## Task instructions
Quote exactly the lines running from the line with "CHANEL Gold Logo" to the end of the entries, including both, and nothing else.

## Exercise inputs
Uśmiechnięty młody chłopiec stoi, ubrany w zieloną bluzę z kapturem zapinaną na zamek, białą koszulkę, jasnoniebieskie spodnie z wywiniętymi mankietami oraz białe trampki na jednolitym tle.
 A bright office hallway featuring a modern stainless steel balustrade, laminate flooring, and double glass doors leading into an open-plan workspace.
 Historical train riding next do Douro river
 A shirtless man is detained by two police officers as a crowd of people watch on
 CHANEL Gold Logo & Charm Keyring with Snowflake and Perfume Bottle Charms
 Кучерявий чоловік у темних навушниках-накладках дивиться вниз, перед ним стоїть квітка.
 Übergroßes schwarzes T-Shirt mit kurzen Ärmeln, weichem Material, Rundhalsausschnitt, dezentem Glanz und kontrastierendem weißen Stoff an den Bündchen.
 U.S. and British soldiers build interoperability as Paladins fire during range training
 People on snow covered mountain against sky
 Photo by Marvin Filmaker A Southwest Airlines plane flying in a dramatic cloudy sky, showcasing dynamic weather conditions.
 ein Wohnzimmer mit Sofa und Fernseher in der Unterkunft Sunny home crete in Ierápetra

## Result of this exercise
 CHANEL Gold Logo & Charm Keyring with Snowflake and Perfume Bottle Charms
 Кучерявий чоловік у темних навушниках-накладках дивиться вниз, перед ним стоїть квітка.
 Übergroßes schwarzes T-Shirt mit kurzen Ärmeln, weichem Material, Rundhalsausschnitt, dezentem Glanz und kontrastierendem weißen Stoff an den Bündchen.
 U.S. and British soldiers build interoperability as Paladins fire during range training
 People on snow covered mountain against sky
 Photo by Marvin Filmaker A Southwest Airlines plane flying in a dramatic cloudy sky, showcasing dynamic weather conditions.
 ein Wohnzimmer mit Sofa und Fernseher in der Unterkunft Sunny home crete in Ierápetra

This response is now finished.